Нет, он отомстит! Пусть не сегодня. Но когда-нибудь и непременно. Хотя он и буен, этот Бунин…

И однажды им что-то, как бы в полубреду, написалось. Вернее, сперва только увиделось. Отдельный, как бы вправленный в отдельную раму день. Прибрежье. Оно сумрачно и голо. И пахнет мокрыми валунами и сохнущими водорослями, а вдали по-крабьи копошатся первые огни. Одинокое дерево дрогнет на ветру.

И опять прежнее озлобление, но, уже труня над ним, Георгий как бы ощущает, что все это не столько записал, сколько отпечатлел в сознании, отксерил, как сейчас прозывают подобное этим ассенизаторским словом. И он видит ее, почти по-человечески задремавшую рощу. И луг, что засинел знакомыми, но утратившими названия цветами. Потому все говорили о них просто – синюшки.

Опять же в дали, только несколько приближенной воображением, пасся мелкорослый скот.

В лощинах туман залегает пластами. Больше, видимо, затем, чтобы оттенить засеревшее за ним село.

А скученные валуны переблескивают росой и как бы медленно уплывают в отдаленье.

На полугорье – струйкой – летят какие-то полустайные птицы.

Прялин понимает: вот то, что надо немедленно записать, та самая картина, которая может остаться, чтобы восхищать других. Но пальцы и перо никак не сведут себя воедино. И сознание разъедает что-то постороннее, даже второстепенное. Например, зачем-то слышится, как в лифт протискивается что-то громоздкое. И душа неожиданно задремывает. Задремывает тихо, почти бессонно, как струится в окно стрекозчатокрылый свет слюдяного зимнего утра.

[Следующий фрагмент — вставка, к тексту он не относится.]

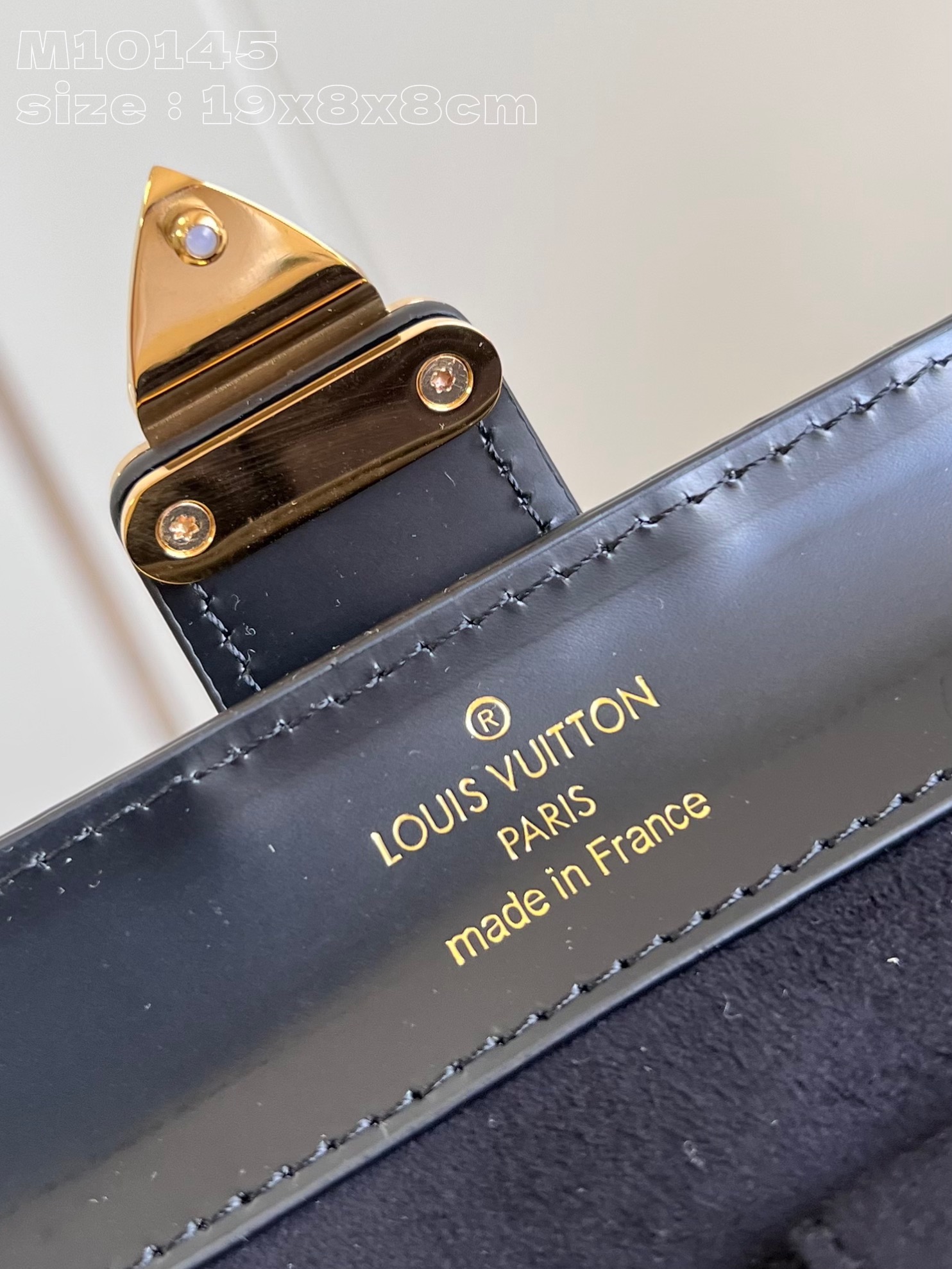 LOUIS VUITTON 2410LV017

Кто-то кому-то говорит: «Годам к пяти так уездился, что и на строевого коня не был похож».

И в тот день, собственно, ничего не написалось. Но ощущение того, что это рано или поздно случится, – укрепилось.

У старой знакомой все так же стрельчато сведены колени. И платье поджато, как губа, когда на что-то утрачено понимание окружающих. И только груди вислы, как опрокинутые вниз головой летучие мыши.

– Умеренные политики, – говорит она, – предсказывают…

Он отринывает все это от себя, потому как оно породит, вернее, навлечет на ту обостренность жизни, которая ранит всякую умиротворенность и даже сон. Как грозовая трещина электричества, бешено брошенная на спокойное лоно ночи.

Ему опостылели и политические нытики, и их агрессивные противоположности, которые рисуют все, что грядет, в преступно радужных тонах. А на Ставрополье шестую неделю не было дождя, и оттого не только погорела, но и прогоркла степь.

Вот тебе и будущее.

Ближайшее!

Потому пусть она продлится, эта грозовая, трещащая бешенством электричества ночь.

Но одно Прялину теперь понятно как божий день, что когда исчерпаны все устные поучения, в дело должна вступать плеть. Подраз-ленились все вокруг. Уже стали образовываться кланы особо приближенных к власти. Их непотопляемость бесит даже генсека. Хотя тот самый «плюрализм», конечно, и является тем самым камнем, который утупит любое оружие.

Георгий смотрел на свою старую знакомую. Полусвет ее тела не влек. Рядом щебетливо текла вода. Не их вода. И недальний лес, что скоро облечется в золото, однако, не зацветет. И можно долго понуро смотреть, как идет заселение неба. Как, оторвавшись от вершины горы бесформенными рванками, облака потом чопорно округлятся и сделаются лубочными.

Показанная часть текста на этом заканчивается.